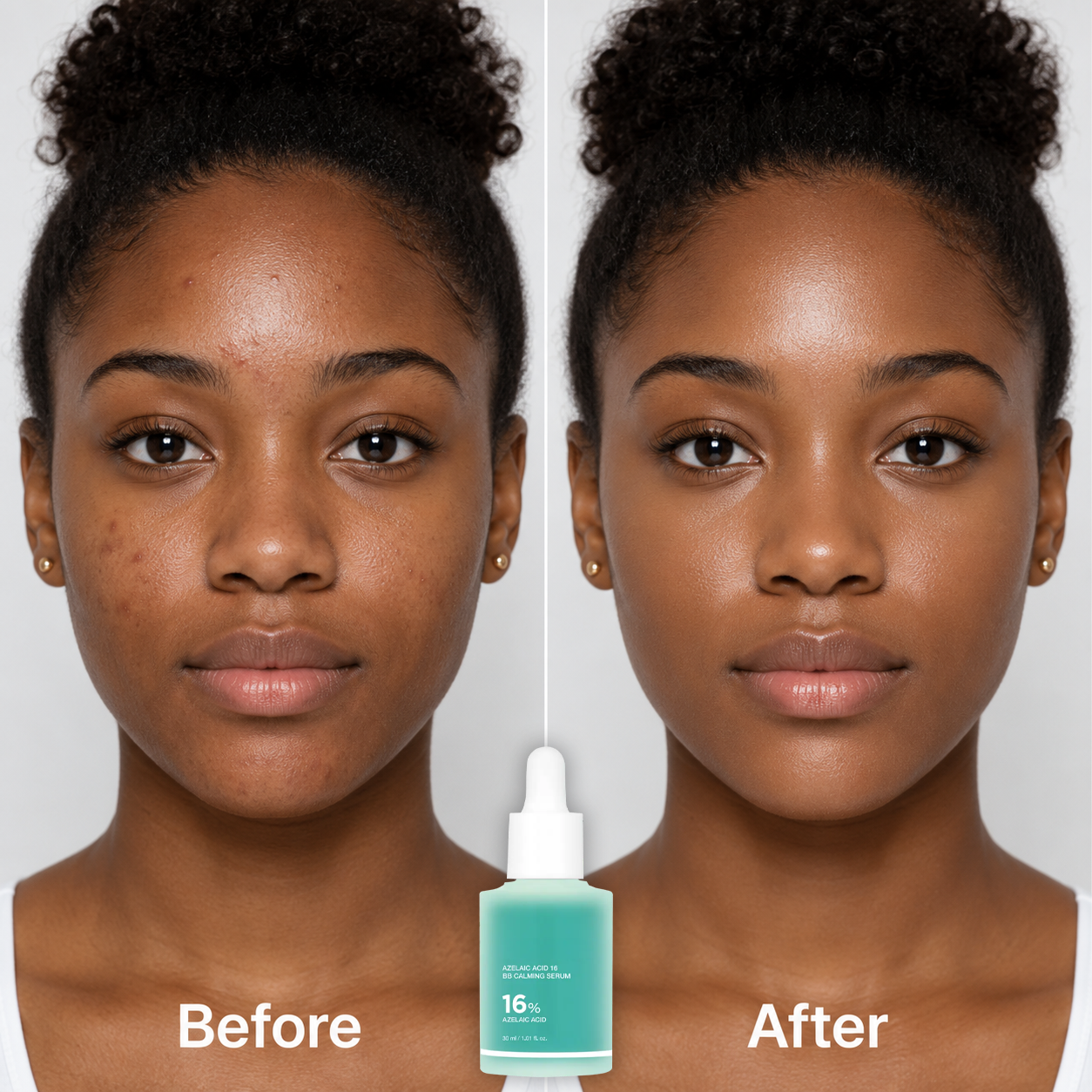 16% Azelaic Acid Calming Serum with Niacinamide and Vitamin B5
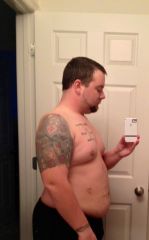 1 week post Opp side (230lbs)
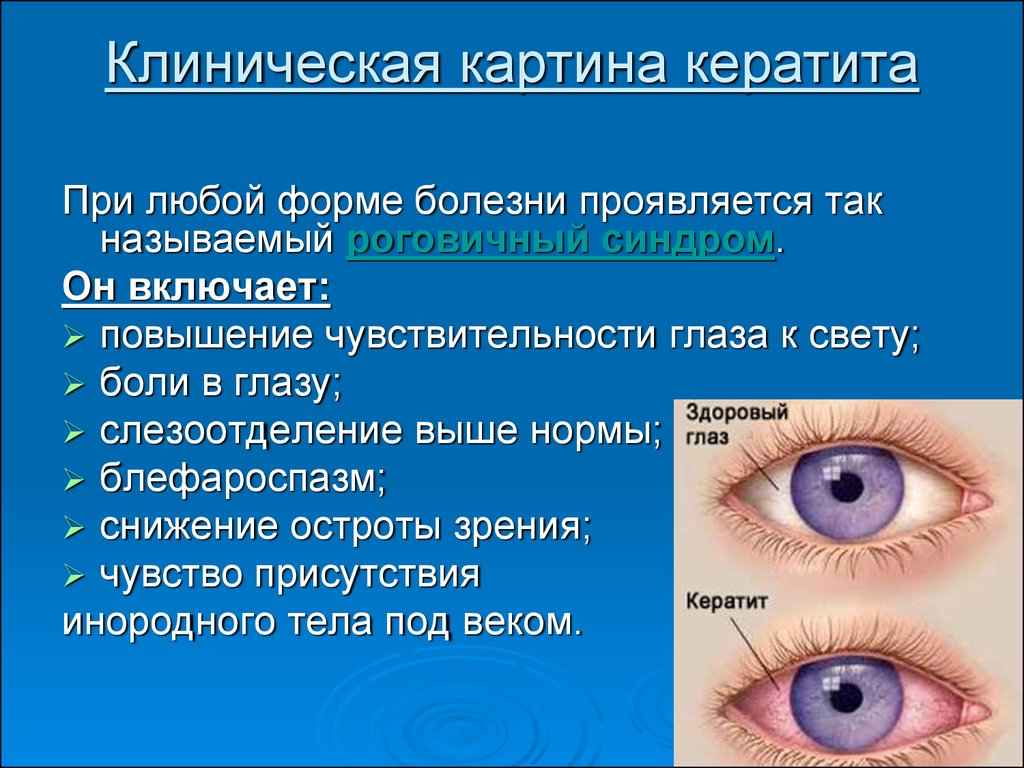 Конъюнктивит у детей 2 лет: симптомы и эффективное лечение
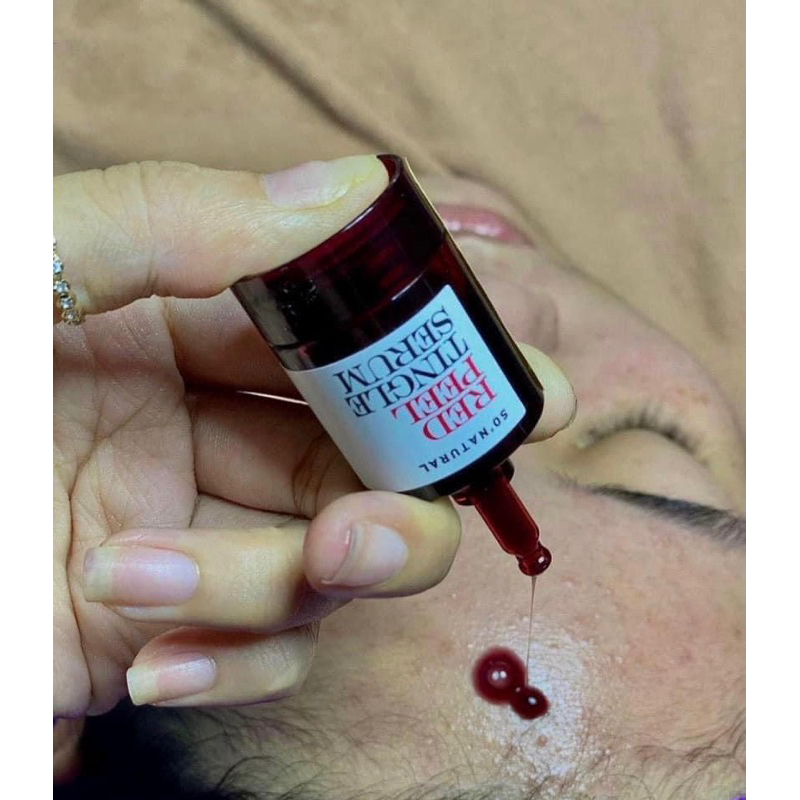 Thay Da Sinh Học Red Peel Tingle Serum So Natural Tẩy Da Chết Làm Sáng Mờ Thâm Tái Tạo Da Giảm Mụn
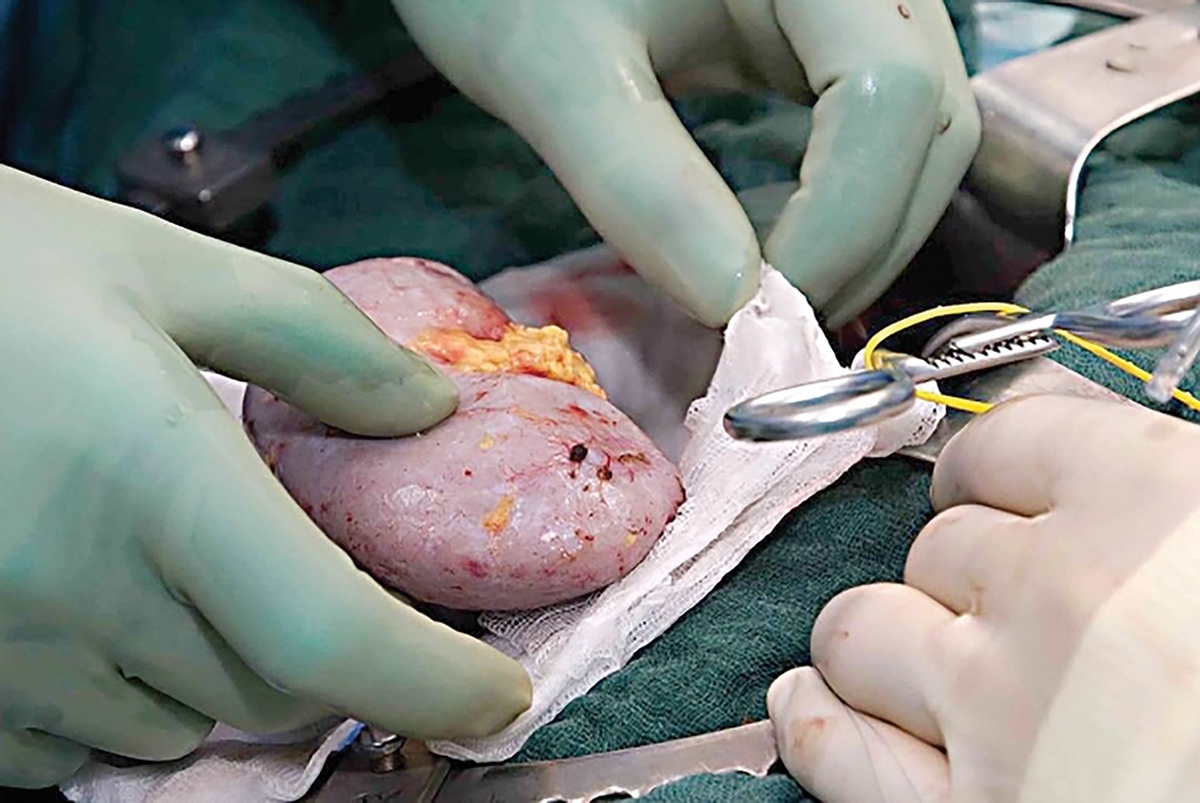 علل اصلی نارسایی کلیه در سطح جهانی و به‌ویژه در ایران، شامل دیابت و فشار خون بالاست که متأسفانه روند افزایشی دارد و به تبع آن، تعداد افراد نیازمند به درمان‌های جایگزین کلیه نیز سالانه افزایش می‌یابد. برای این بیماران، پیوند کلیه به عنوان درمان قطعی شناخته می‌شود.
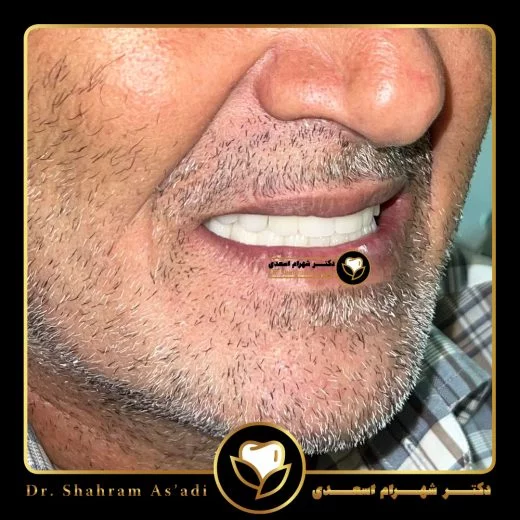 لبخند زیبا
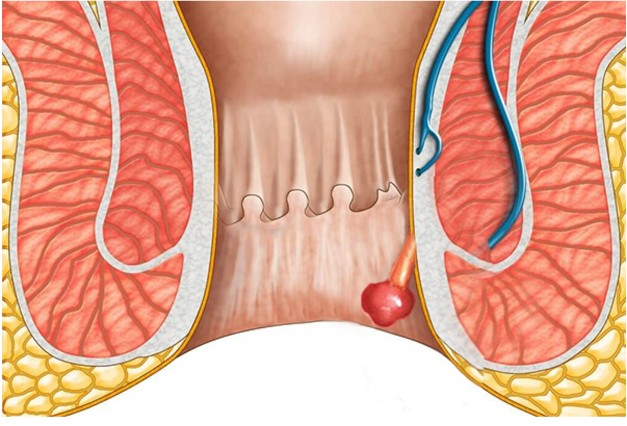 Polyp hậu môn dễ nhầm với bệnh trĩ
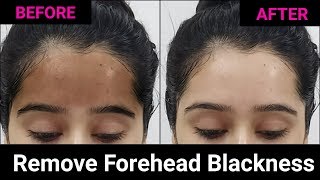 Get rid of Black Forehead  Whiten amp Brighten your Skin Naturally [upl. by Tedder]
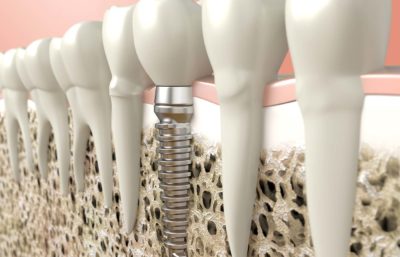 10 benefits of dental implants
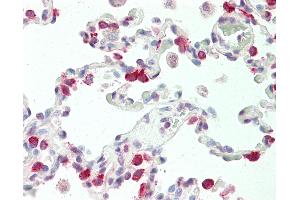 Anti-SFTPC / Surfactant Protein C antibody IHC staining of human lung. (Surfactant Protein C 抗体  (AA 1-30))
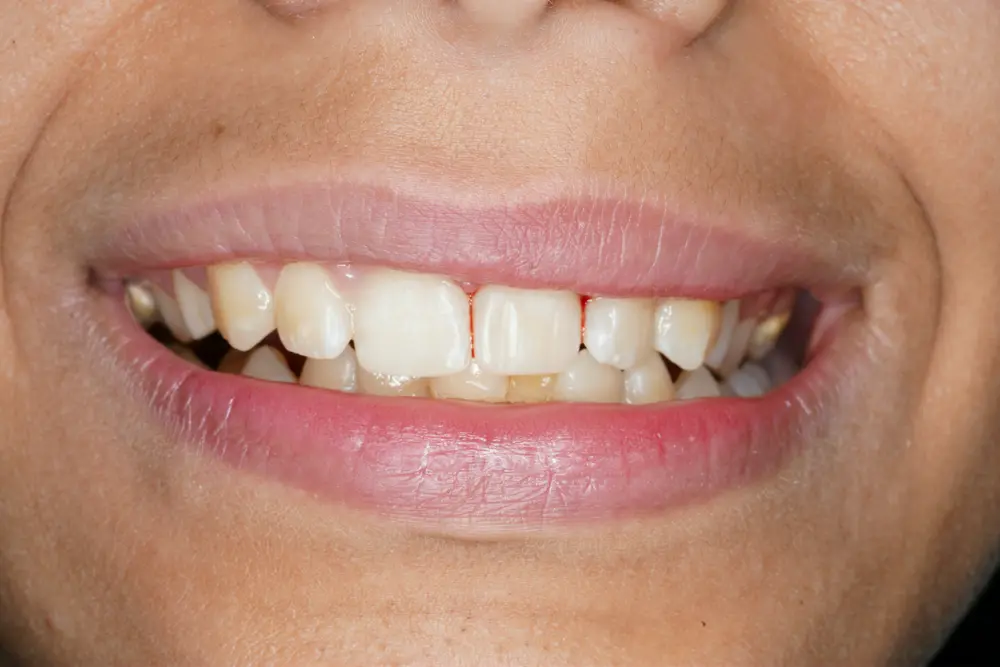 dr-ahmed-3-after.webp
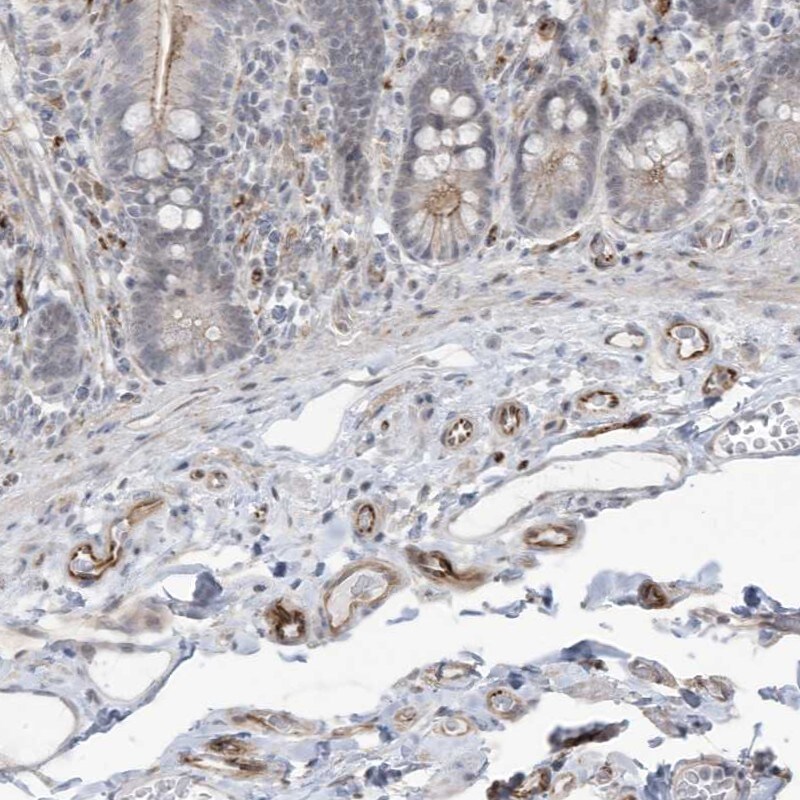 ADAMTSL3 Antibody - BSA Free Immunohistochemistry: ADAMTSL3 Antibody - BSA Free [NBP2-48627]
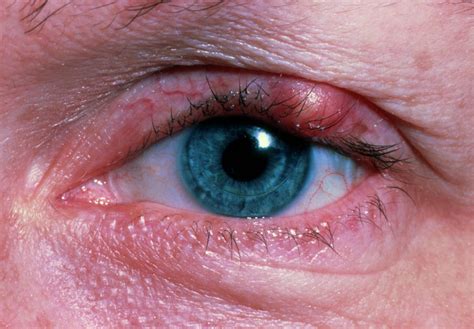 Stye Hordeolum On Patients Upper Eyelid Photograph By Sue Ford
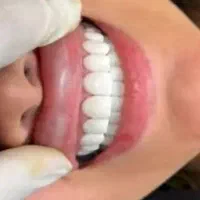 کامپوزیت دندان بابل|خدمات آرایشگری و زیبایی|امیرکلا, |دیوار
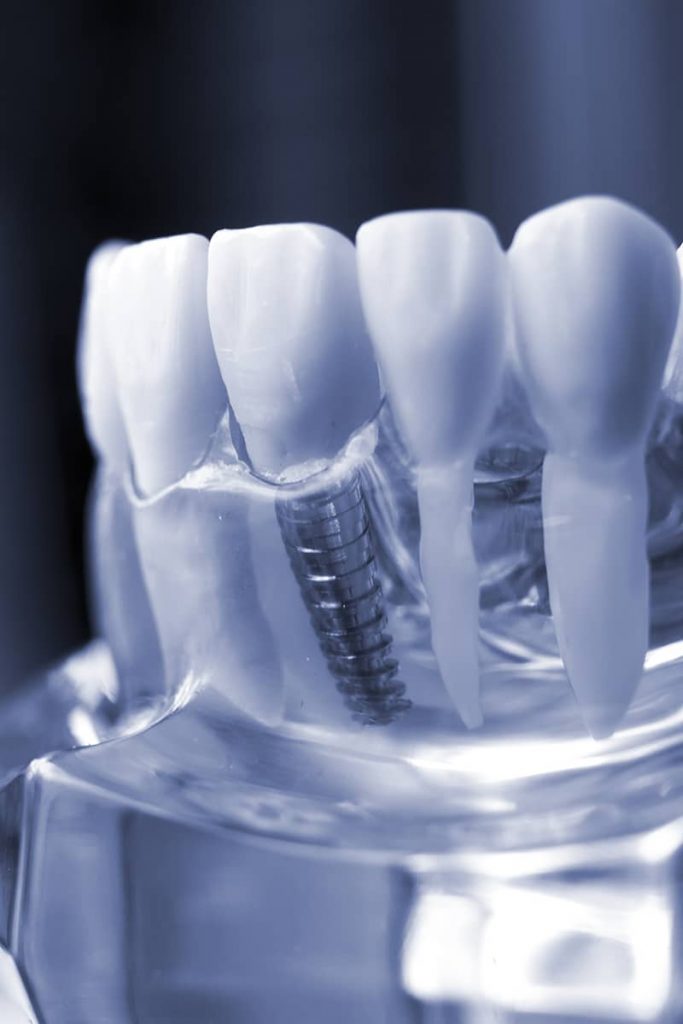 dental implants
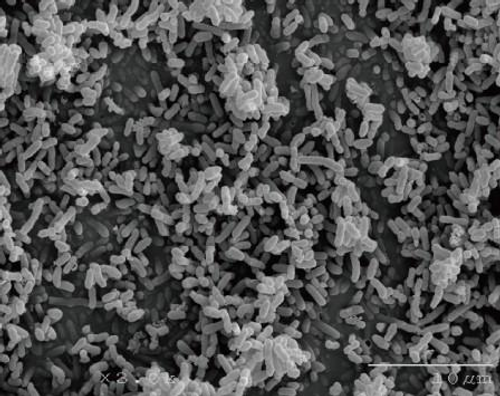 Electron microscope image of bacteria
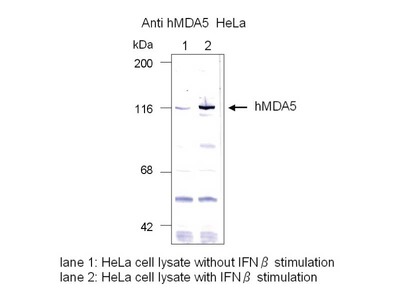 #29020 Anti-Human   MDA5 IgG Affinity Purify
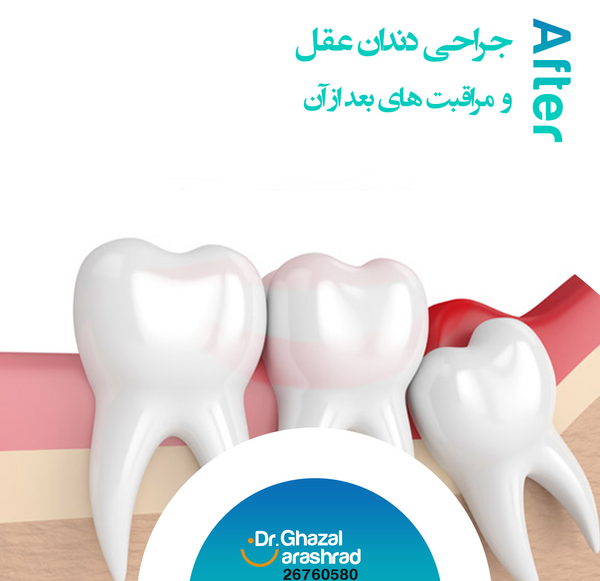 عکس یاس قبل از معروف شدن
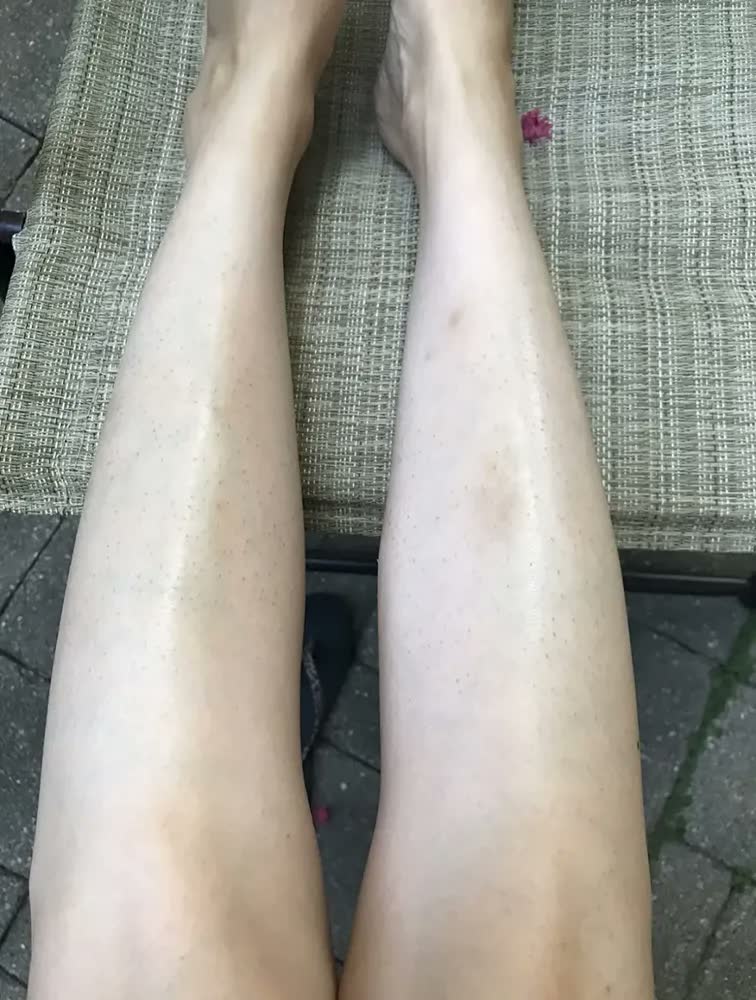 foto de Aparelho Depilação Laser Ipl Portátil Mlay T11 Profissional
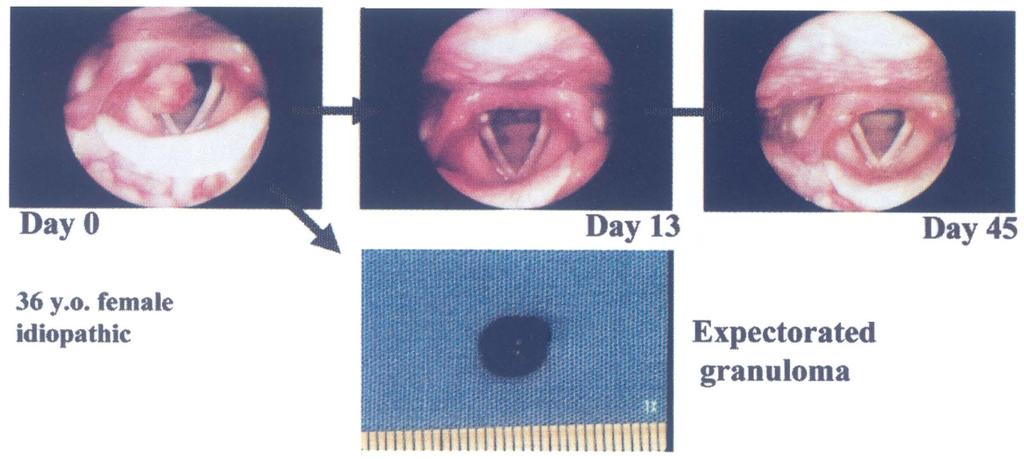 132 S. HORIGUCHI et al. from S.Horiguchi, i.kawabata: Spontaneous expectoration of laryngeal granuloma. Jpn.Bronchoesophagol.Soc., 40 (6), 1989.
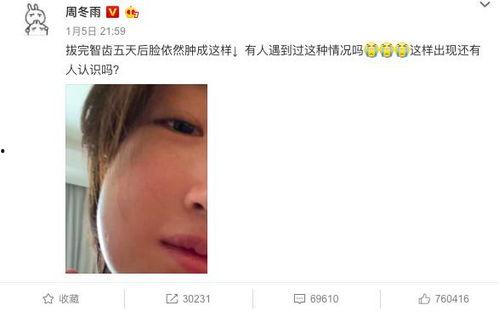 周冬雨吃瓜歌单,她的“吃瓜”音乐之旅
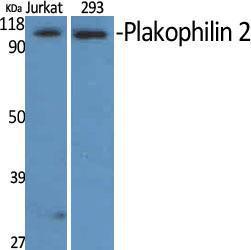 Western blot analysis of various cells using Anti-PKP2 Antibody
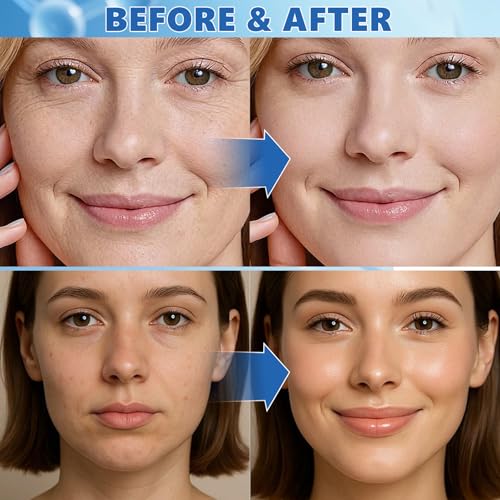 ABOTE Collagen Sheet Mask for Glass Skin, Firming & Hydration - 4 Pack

**Exercise description**
Without the pictures, retype all of the data above exactly.

**Answer area**
 16% Azelaic Acid Calming Serum with Niacinamide and Vitamin B5
 1 week post Opp side (230lbs)
 Конъюнктивит у детей 2 лет: симптомы и эффективное лечение
 Thay Da Sinh Học Red Peel Tingle Serum So Natural Tẩy Da Chết Làm Sáng Mờ Thâm Tái Tạo Da Giảm Mụn
 علل اصلی نارسایی کلیه در سطح جهانی و به‌ویژه در ایران، شامل دیابت و فشار خون بالاست که متأسفانه روند افزایشی دارد و به تبع آن، تعداد افراد نیازمند به درمان‌های جایگزین کلیه نیز سالانه افزایش می‌یابد. برای این بیماران، پیوند کلیه به عنوان درمان قطعی شناخته می‌شود.
 لبخند زیبا
 Polyp hậu môn dễ nhầm với bệnh trĩ
 Get rid of Black Forehead  Whiten amp Brighten your Skin Naturally [upl. by Tedder]
 10 benefits of dental implants
 Anti-SFTPC / Surfactant Protein C antibody IHC staining of human lung. (Surfactant Protein C 抗体  (AA 1-30))
 dr-ahmed-3-after.webp
 ADAMTSL3 Antibody - BSA Free Immunohistochemistry: ADAMTSL3 Antibody - BSA Free [NBP2-48627]
 Stye Hordeolum On Patients Upper Eyelid Photograph By Sue Ford
 کامپوزیت دندان بابل|خدمات آرایشگری و زیبایی|امیرکلا, |دیوار
 dental implants
 Electron microscope image of bacteria
 #29020 Anti-Human   MDA5 IgG Affinity Purify
 عکس یاس قبل از معروف شدن
 foto de Aparelho Depilação Laser Ipl Portátil Mlay T11 Profissional
 132 S. HORIGUCHI et al. from S.Horiguchi, i.kawabata: Spontaneous expectoration of laryngeal granuloma. Jpn.Bronchoesophagol.Soc., 40 (6), 1989.
 周冬雨吃瓜歌单,她的“吃瓜”音乐之旅
 Western blot analysis of various cells using Anti-PKP2 Antibody
 ABOTE Collagen Sheet Mask for Glass Skin, Firming & Hydration - 4 Pack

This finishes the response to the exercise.